Open Visual Traceroute is another free tool, and it comes with several utilities to perform network troubleshooting. The traceroute feature lets you see the path your packet is taking from source to destination and displays this on a 3-D world map. The network packet sniffer, meanwhile, shows you the data being sent back and forth between the two locations (for example, between the internet and the local system).
Open Visual Traceroute also includes a WHOIS feature, enabling you to get public information about a domain. It displays the WHOIS information and network packet sniffing results alongside the world map, which can also be presented in 2-D for operating systems having problems with the 3-D format.
Though this tool is free and the visual route between source and destination is an interesting functionality, it doesn’t provide significantly more functionality than basic traceroute. For an enterprise wanting to focus on network performance and monitoring, you may need something more high-powered.
Open Visual Traceroute is compatible with Windows, Mac OS X, Ubuntu, and openSUSE systems. You can download it here.
This is a slightly different tool to consider; unlike the other tools on this list, it doesn’t come with a graphical interface.
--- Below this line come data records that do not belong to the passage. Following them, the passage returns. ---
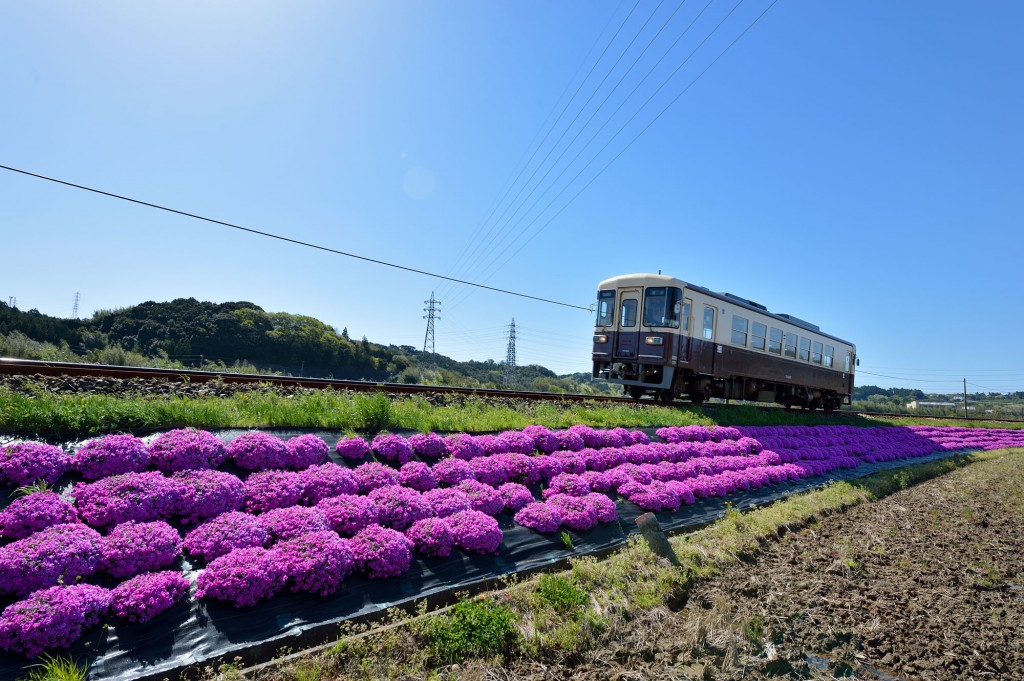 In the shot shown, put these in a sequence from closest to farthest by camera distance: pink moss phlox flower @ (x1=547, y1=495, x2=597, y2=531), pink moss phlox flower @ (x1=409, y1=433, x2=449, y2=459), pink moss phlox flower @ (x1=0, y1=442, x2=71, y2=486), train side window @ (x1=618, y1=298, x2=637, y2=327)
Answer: pink moss phlox flower @ (x1=0, y1=442, x2=71, y2=486), pink moss phlox flower @ (x1=547, y1=495, x2=597, y2=531), pink moss phlox flower @ (x1=409, y1=433, x2=449, y2=459), train side window @ (x1=618, y1=298, x2=637, y2=327)

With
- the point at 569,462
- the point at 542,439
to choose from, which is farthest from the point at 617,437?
the point at 569,462

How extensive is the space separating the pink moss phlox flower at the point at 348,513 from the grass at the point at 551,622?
1208mm

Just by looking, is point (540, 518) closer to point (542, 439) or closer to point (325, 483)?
point (325, 483)

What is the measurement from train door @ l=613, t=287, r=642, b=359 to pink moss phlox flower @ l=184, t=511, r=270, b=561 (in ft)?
42.2

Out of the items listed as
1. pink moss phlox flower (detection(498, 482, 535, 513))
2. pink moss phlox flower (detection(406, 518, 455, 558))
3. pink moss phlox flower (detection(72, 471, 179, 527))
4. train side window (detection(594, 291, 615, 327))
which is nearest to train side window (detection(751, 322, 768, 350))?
train side window (detection(594, 291, 615, 327))

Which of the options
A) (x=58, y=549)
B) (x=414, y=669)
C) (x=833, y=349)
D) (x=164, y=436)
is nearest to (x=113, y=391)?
(x=164, y=436)

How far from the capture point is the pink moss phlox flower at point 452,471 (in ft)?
20.4

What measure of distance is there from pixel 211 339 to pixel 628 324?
22.7 metres

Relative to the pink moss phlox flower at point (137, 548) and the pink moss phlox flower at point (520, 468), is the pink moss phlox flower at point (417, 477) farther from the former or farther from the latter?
the pink moss phlox flower at point (137, 548)

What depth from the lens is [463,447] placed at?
7.03 metres

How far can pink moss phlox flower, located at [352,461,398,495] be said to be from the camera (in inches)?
218

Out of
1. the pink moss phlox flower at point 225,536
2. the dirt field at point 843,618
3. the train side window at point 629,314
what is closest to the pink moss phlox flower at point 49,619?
the pink moss phlox flower at point 225,536

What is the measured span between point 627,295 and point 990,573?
36.8ft

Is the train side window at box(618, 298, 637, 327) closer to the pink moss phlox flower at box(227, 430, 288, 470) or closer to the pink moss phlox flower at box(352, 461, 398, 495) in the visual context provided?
the pink moss phlox flower at box(352, 461, 398, 495) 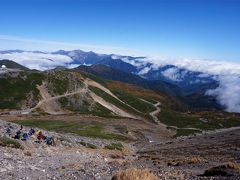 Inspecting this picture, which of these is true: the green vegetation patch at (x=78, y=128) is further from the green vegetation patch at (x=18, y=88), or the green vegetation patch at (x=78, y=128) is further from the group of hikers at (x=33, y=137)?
the green vegetation patch at (x=18, y=88)

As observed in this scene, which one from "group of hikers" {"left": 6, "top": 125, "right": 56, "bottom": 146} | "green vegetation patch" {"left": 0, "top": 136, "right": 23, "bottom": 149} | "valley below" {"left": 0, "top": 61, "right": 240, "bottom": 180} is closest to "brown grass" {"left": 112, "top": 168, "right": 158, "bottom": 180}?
"valley below" {"left": 0, "top": 61, "right": 240, "bottom": 180}

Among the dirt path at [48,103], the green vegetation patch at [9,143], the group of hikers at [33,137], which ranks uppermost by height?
the green vegetation patch at [9,143]

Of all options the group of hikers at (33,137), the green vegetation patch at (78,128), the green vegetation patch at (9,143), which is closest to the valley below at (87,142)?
the green vegetation patch at (78,128)

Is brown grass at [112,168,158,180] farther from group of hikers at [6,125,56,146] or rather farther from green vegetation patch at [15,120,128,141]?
green vegetation patch at [15,120,128,141]

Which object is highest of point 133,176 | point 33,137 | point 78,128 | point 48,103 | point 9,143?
point 133,176

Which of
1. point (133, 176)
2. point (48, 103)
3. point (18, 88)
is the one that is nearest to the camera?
point (133, 176)

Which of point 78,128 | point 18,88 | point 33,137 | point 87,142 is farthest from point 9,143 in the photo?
point 18,88

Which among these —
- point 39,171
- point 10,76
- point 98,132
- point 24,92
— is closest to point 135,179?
point 39,171

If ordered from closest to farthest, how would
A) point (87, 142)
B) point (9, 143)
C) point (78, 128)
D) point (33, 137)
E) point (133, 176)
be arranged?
1. point (133, 176)
2. point (9, 143)
3. point (33, 137)
4. point (87, 142)
5. point (78, 128)

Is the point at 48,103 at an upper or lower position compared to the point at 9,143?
lower

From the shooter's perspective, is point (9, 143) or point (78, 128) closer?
point (9, 143)

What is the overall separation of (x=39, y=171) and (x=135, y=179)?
1018 centimetres

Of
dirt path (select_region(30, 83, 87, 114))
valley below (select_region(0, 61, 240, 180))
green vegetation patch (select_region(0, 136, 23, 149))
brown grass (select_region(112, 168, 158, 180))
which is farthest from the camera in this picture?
dirt path (select_region(30, 83, 87, 114))

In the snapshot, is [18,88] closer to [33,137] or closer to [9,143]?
[33,137]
A free visual application for Windows, WinMTR combines the functionality of traceroute and ping in one tool.
Ping and traceroute are the most basic network diagnostic tools and having them together in one place is extremely useful for network administrators and IT professionals. You can run tests between the host where the application is installed and a destination host you specify. WinMTR will then show you a hop-by-hop path of the packet, and it will check the quality of the connection between each of the nodes.
This tool is only available for Windows. If you need a Linux version, you’ll want to consider a WinMTR alternative like MTR or Angry IP Scanner.
WinMTR is completely free, and as such, it’s useful for basic network connectivity and troubleshooting tests. However, if you need more functionality for comprehensive network testing and troubleshooting, you’ll want a premium tool like those from SolarWinds.
You can download WinMTR here.
Implementing a Traceroute Alternative
Though traceroute is a tried-and-true networking tool, it’s relatively limited in its application. There are a broad range of modern tools designed to support and supplement the capabilities of traceroute. My top choice for business and enterprise use is SolarWinds Network Performance Monitor, as it incorporates basic network troubleshooting tools and a range of powerful network monitoring and management features to provide a full package for an IT administrator or manager.
Alternatively, if you’re not looking for a premium solution, Traceroute NG provides several basic tools in a free, easy-to-manage console so you can streamline your network troubleshooting processes.